Suppose $\mathbb{B}$ is the boolean algebra formed by the borel subsets of $\omega^{\omega}$ modulo the meager sets (also called the category boolean algebra), that is, if $B, C$ are borel and $B \Delta C$ is meager, then $B \sim C$. A very minor step towards the construction of the solovay model is to show that $\mathbb{B}$ is complete for when we force over it. But I'm unable to prove this apparently simple step.

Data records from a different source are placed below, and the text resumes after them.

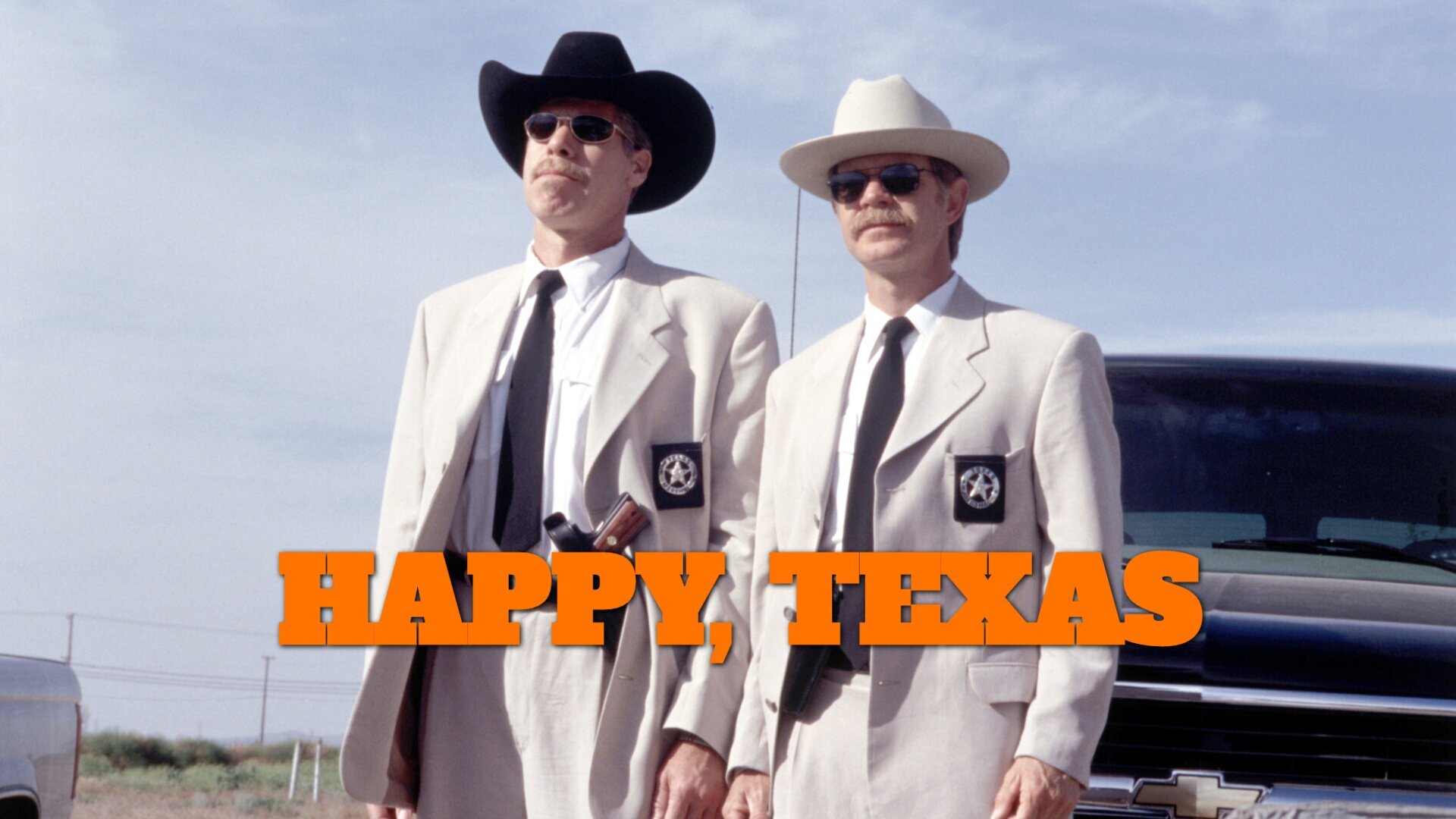 Happy, Texas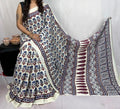 Pure Modal Silk Saree with blouse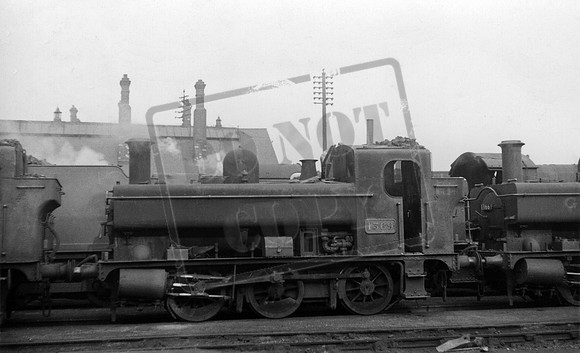 1369 1950s Swindon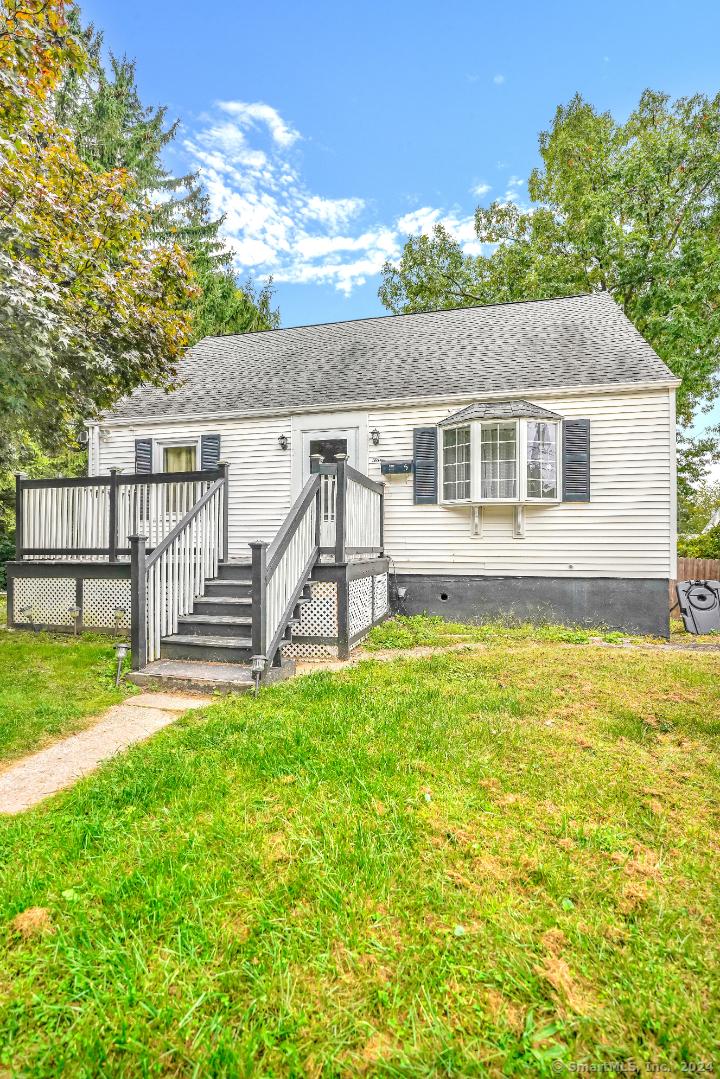 Houston St, Waterbury, CT 06704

Since $\{[N_x]: x \in \omega^\omega\} \subseteq \mathbb{B}$ is countable + dense, we can conlude that $\mathbb{B}$ has the ccc. I think we're supposed to leverage this property to show that $\mathbb{B}$ is complete.
Suppose $\kappa$ a cardinal, and $[A_{\alpha}] \in \mathbb{B}$ for all $\alpha \in \kappa$, I would like to show that $\sum [A_{\alpha}]$ exists.
First if $\kappa = \omega_1$ this is easy: Let $B_\alpha = A_\alpha \setminus \cup_{\beta < \alpha}A_\beta$ be the disjointifications. So since $\alpha < \omega_1$ these $B_\alpha$ are still Borel (but this may not hold if $\alpha > \omega_1$, and this step is where I struggle if $\kappa > \omega_1$). Then by ccc there should be some $\alpha_0$ beyond which for all $\alpha \geq \alpha_0$, $[B_\alpha] = [\emptyset]$, and then $\sum [A_{\alpha}] = \sum [B_\alpha] = \sum_{\alpha < \alpha_0} [B_\alpha] \in \mathbb{B}$.
So now what if $\kappa > \omega_1$?
I have some ideas for regular or cardinals with uncountable cofinality, but I'm not sure about when $cf(\kappa) = \omega$.
The obvious idea is to use that for every borel set $B$ there is an open set $U$ such that $[B] = [U]$ and use the fact that open sets are closed under arbitrary unions, but I'm not sure that's enough.